Referrals are beneficial to B2B or B2C. In addition to increasing awareness, every time your business is linked to online by a reputable business (this is called a backlink), it improves your domain authority and organic SEO. 

Marketing Mix

The marketing pathways illustrated above demonstrate the finite and definable ways to create new customers. However, new customer acquisition is only one-third of channeling activities toward increased revenues.

In addition to developing new customers (C), businesses can expand revenues by increasing the frequency (F) of purchases and by increasing the average order value (AOV) purchase size. So, with some pretty simple math, we can produce a useful growth (G) formula: 

200%G= 1.3C+1.3F+1.3AOV.

But why? Why not just double your customers to double your revenue? The key factor is that every new customer has a cost of acquisition. That coupled with the fact that the price of advertising platforms increases year-over-year in tandem with year-over-year inflation, we have a scenario of diminishing year-over-year profit. This scenario is brutal if the basis of competition in your industry is price.

So instead, we look to a balanced marketing mix that focuses on three principles: 

  1. Building new customers
  2. Increasing the frequency of their purchases
  3. Increasing their average order value. 

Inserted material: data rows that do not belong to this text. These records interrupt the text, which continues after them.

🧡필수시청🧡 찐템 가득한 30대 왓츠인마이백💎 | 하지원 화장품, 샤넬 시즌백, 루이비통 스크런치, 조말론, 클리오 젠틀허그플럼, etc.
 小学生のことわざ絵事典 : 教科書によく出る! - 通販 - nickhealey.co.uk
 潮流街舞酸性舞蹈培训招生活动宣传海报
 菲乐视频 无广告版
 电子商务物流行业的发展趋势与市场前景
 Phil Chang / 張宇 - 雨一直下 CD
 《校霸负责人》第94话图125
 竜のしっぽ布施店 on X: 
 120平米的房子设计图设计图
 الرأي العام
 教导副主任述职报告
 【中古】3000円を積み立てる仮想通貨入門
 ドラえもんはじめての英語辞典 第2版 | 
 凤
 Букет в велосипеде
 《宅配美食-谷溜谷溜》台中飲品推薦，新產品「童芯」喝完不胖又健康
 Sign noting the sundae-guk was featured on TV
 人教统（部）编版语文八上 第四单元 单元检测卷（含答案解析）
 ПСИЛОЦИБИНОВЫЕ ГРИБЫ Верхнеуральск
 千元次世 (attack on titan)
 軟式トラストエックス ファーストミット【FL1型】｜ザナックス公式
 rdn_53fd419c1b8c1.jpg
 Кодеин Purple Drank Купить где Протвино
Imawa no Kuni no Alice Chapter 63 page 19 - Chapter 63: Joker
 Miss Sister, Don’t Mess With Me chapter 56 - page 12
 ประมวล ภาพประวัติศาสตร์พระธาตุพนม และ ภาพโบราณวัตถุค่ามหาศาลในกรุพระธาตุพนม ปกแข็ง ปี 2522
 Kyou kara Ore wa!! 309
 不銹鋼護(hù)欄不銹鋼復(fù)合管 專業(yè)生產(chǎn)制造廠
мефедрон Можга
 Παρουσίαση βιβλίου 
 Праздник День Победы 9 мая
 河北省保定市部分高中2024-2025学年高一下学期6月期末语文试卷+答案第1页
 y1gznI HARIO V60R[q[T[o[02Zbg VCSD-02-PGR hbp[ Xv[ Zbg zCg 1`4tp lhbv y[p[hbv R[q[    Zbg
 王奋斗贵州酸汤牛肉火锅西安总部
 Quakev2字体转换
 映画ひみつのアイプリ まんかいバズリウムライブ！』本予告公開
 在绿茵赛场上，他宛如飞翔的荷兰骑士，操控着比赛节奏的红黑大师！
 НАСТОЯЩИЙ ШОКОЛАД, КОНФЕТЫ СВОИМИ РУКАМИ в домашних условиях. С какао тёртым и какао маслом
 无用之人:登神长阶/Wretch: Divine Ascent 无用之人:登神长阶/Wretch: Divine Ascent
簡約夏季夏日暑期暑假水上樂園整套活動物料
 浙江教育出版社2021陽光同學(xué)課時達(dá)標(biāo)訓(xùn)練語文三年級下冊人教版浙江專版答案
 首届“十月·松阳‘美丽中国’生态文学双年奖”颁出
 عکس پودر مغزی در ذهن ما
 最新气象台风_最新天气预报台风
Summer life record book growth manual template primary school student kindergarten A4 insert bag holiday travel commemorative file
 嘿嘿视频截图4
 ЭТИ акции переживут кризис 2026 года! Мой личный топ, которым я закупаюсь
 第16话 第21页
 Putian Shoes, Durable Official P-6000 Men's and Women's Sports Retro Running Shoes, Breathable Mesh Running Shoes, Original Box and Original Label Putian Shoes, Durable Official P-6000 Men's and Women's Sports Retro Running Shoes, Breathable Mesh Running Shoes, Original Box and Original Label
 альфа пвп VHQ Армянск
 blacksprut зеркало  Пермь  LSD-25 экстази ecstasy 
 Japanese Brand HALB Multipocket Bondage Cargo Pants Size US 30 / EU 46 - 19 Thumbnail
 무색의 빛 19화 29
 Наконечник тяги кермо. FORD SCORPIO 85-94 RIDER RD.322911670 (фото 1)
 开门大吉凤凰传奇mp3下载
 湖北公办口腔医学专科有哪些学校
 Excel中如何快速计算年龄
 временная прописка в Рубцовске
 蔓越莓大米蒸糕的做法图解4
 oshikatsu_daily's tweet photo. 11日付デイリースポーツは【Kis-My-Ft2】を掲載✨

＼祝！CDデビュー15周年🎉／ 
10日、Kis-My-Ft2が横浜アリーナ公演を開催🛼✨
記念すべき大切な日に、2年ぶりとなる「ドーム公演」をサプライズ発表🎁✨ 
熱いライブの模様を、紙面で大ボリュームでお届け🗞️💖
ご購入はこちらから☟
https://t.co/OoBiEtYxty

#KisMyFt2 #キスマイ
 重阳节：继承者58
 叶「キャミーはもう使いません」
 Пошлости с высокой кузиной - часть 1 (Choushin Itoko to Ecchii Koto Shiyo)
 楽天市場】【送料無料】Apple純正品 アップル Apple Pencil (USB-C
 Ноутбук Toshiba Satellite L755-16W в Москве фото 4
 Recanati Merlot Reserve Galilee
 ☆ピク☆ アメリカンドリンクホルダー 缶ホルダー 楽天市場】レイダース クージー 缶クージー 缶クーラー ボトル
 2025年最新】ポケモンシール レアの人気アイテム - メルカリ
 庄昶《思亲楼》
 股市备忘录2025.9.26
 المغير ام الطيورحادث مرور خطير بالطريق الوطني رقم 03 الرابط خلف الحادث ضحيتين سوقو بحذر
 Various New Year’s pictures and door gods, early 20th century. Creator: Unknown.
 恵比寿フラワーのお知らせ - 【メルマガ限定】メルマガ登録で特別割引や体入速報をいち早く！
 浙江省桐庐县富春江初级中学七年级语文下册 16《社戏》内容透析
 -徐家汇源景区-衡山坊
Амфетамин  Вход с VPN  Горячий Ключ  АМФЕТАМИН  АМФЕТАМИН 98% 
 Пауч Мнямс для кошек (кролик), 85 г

Here is the hidden benefit: 

F & AOV increase customer lifetime value without acquisition cost. 

Hang tight; we’re circling back to our original question!

So, does content marketing work for B2B?

First, how do we increase F & AOV? I’m sure you know the punchline. 

That’s right, content marketing. Let’s start with frequency. 

For a current customer to increase purchase frequency, they need to be aware of additional products or services your company provides and their benefits. 

With Web 2.0 vehicles for customer communication, i.e., email marketing platforms, social media, or industry-specific communication platforms, we can distribute the information about your company’s products & services at little cost. In fact, we can communicate with clients frequently and concern ourselves with how do we bring value to customers across the calendar year. This line of thinking helps tune your team to consider customer needs to mature the product offering.

To increase the average order value, you can indeed raise prices, but that is a separate article about the elasticity of your pricing model and the basis of market competition. Instead, we will focus on the ability of content marketing to attract customers through the cross-selling of your current product and service line.  

The critical factor in increasing average order value is the timing of cross-selling. 

A classic example is the success e-commerce has serving up recommended products to add to your purchase without re-entering the checkout process. Success is multiplied by linking an upsell to a core product’s value (“consumers who purchased this also liked this”), increasing the perceived benefit of the product the customer has already decided to buy. 

Similar to the benefit expressed in our frequency example, focusing on how to increase average order size tunes your team to incremental innovation opportunities. 

You could achieve this by:

  • Developing new, adjacent products and services 
  • Sustaining innovations that improve your product (and allow you to increase profit margins)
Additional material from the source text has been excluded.